La dynamique capitale de la province du Shandong pourrait incarner à elle seule l’ambivalence de la Chine dans la crise climatique. Le pays qui de loin émet le plus de CO2 – un tiers des émissions mondiales pour un peu moins d’un cinquième de la population de la Terre – est aussi celui qui, de loin également, fait le plus d’efforts pour installer des énergies renouvelables. La ville de Jinan, bordée par le fleuve Jaune au nord et le mont sacré Tai au sud, avec ses plus de 5 millions d’habitants, est en chantier permanent ; y sortent de terre tant des champs de panneaux solaires que des centrales à charbon flambant neuves.
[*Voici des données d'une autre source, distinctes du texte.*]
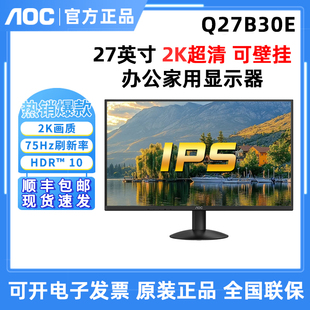 Q27B30E AOC 27英寸2K高清液晶电脑显示器120Hz办公家用IPS高清屏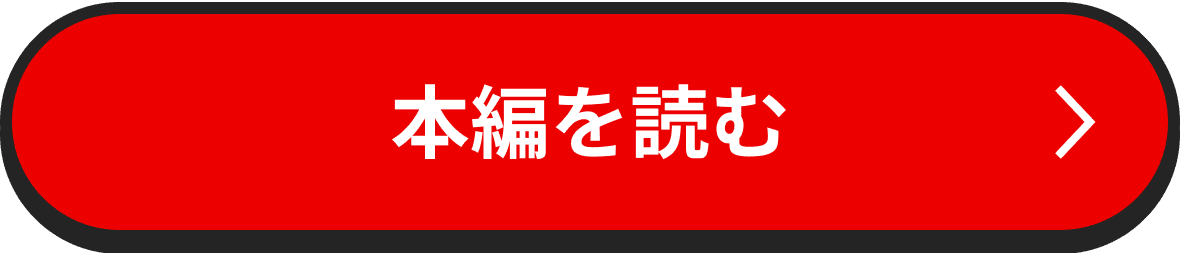 本編を読む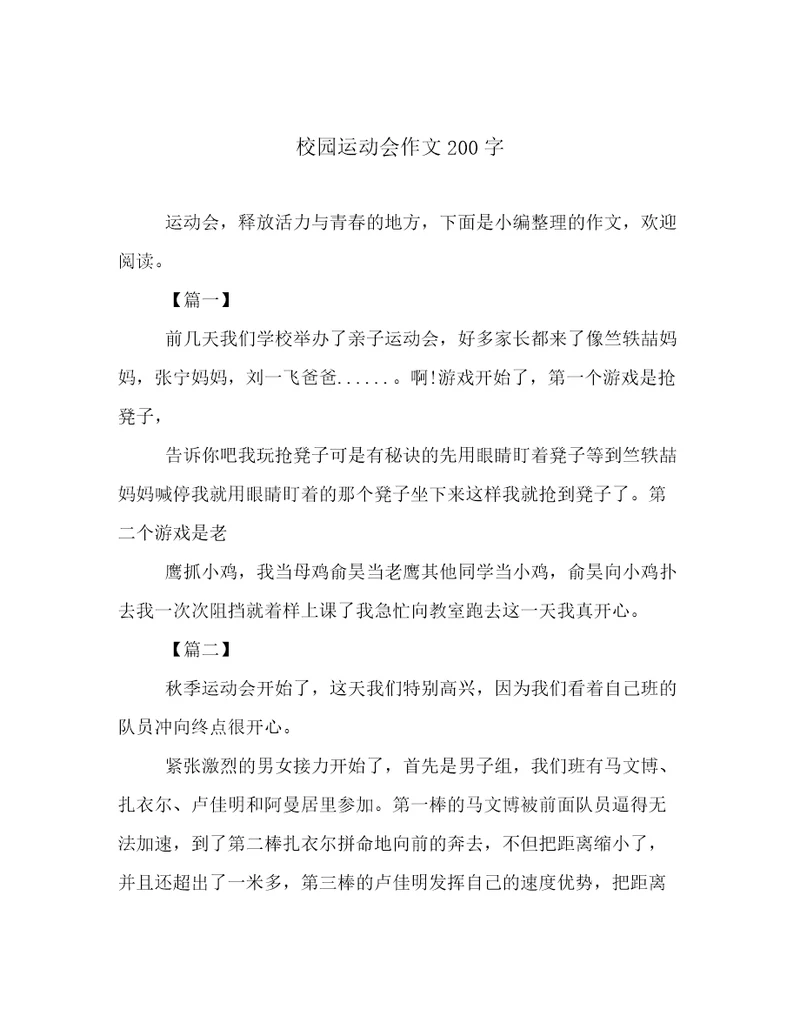 校园运动会作文200字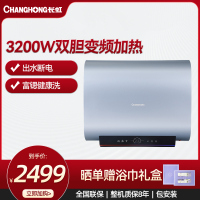 长虹一级能效80升储水式电热水器不锈钢内胆3200W大功率速热省电B80Q36D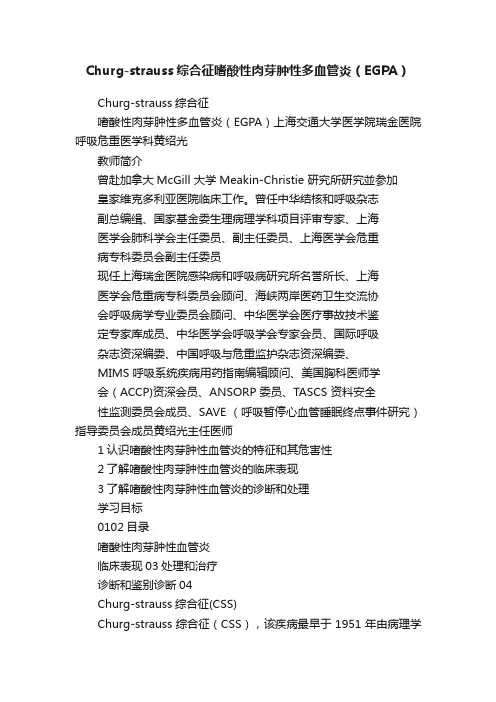 Churg-strauss综合征嗜酸性肉芽肿性多血管炎（EGPA）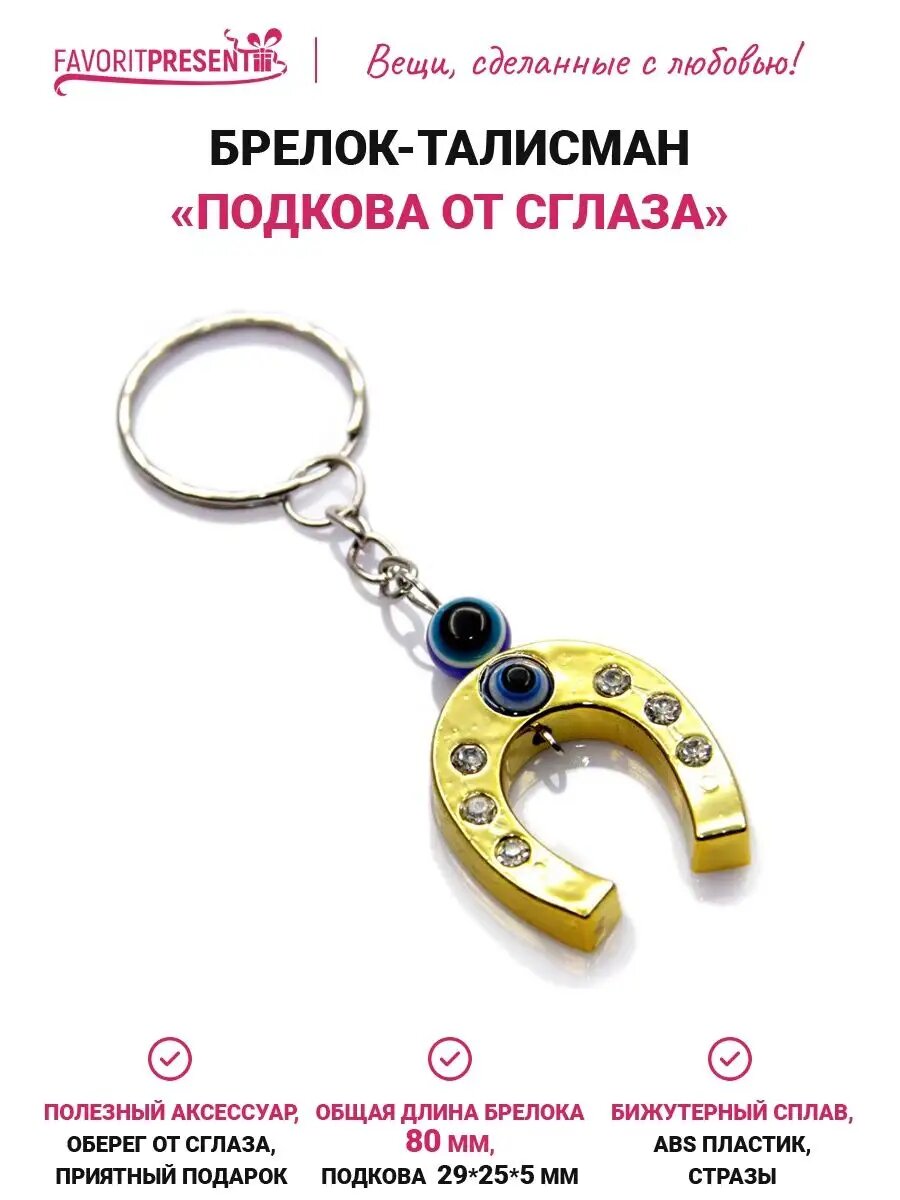Брелок FAVORITPRESENT, синий, черный, белый, серый, желтый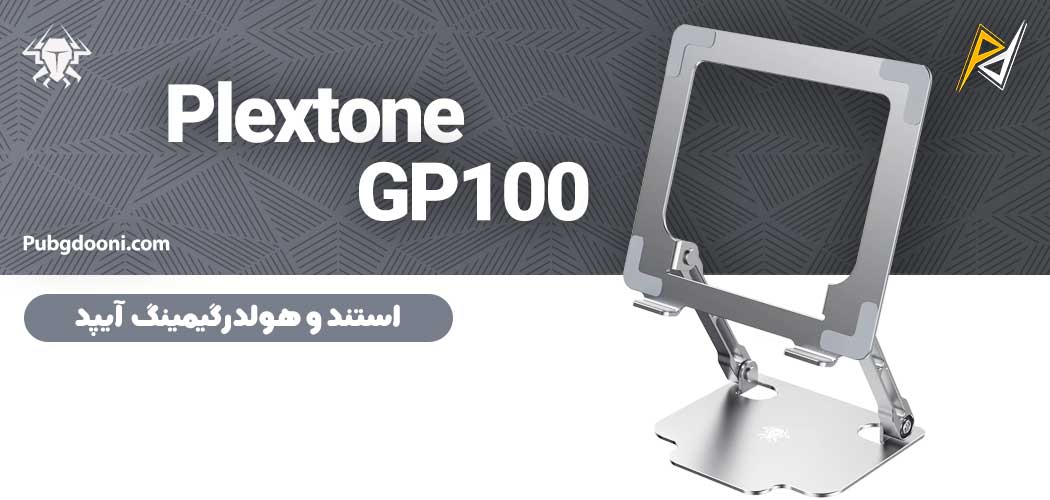 بهترین و ارزانترین قیمت استند و هولدر گیمینگ آیپد پلکستون Plextone GP100 اورجینال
« Il y a encore beaucoup de consommation de charbon car sinon nous n’aurions pas assez d’électricité, mais on peut imaginer qu’un jour les énergies vertes le remplaceront », relève sur le pas de sa porte Chen Ying, qui réside à la limite ouest de la ville. Cette femme de 36 ans et sa famille profitent directement du changement. En 2023, au début de l’été, des représentants d’une entreprise d’installation de panneaux solaires, mandatée par l’Etat, sont venus les démarcher pour leur proposer de les associer à la politique d’accélération sur le photovoltaïque, en les payant pour produire de l’électricité sur le toit de leur maison.
Au début, la femme au foyer et son mari, chauffeur de camion, se sont méfiés : est-ce qu’on ne leur demandait pas leur droit de propriété pour l’usurper ou autre escroquerie ? Mais des voisins avaient déjà franchi le pas et l’offre était attrayante. Il a suffi d’une journée de travaux pour installer les panneaux, sans qu’ils n’aient rien eu à faire ni à dépenser. La famille touche depuis 60 yuans par panneau et par an, 3 600 yuans au total, soit 460 euros, un complément de revenu non négligeable.
Partout autour de Jinan apparaissent de tels programmes, car la Chine s’est détachée du peloton en matière d’installation d’énergies renouvelables. Elle construit presque les deux tiers des projets solaires et éoliens de la planète, selon l’ONG basée à San Francisco Global Energy Monitor, huit fois plus que les projets en cours aux Etats-Unis. Elle a franchi en juillet, avec six ans d’avance, son objectif d’avoir installé 1 200 gigawatts de solaire et d’éolien à l’horizon 2030, tandis que l’Union européenne en est à 480 gigawatts. Mais, dans les faits, 59,6 % de l’électricité chinoise provenaient encore du charbon au premier semestre 2024. Ce chiffre, qui passait sous le seuil des 60 %, illustre la difficulté à intégrer ces capacités photovoltaïques aux réseaux et à les gérer de manière stable.